Work task. Any picture in the range stays out of the copy; retype exactly the lines from the one with "Building Photo - 6416 Henry Ford Dr" to the end of the listing.

Dataset content.
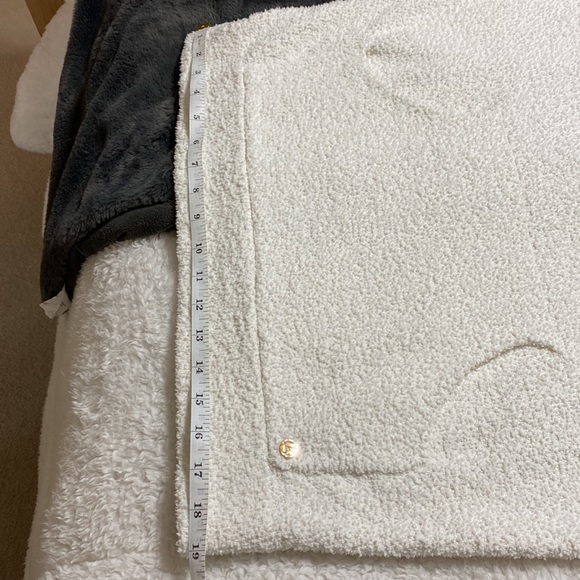 BuffBunny Loop Yarn Hoodie - Picture 13 of 15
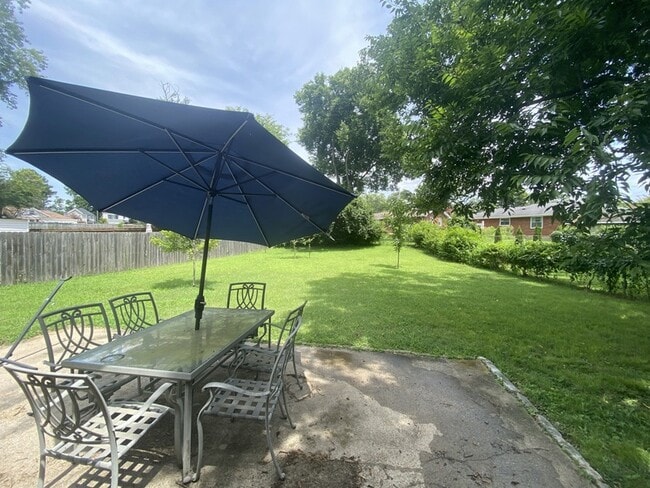 Building Photo - 6416 Henry Ford Dr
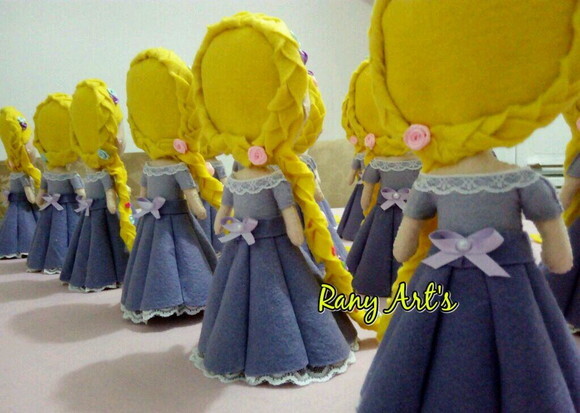 Centrinho de Mesa Rapunzel, com 20cm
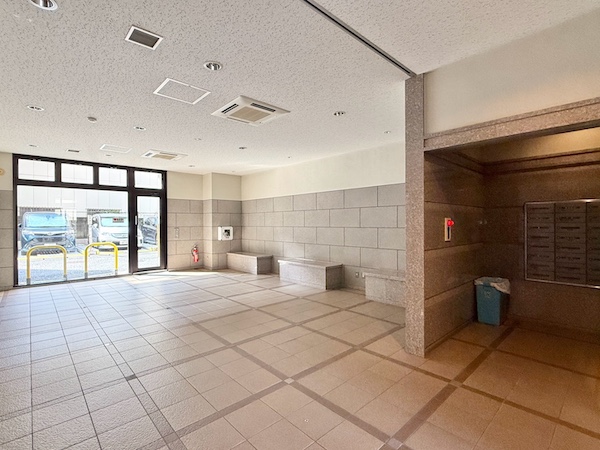 ルイシャトレ門前仲町 ロビー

Result.
 Building Photo - 6416 Henry Ford Dr
 Centrinho de Mesa Rapunzel, com 20cm
 ルイシャトレ門前仲町 ロビー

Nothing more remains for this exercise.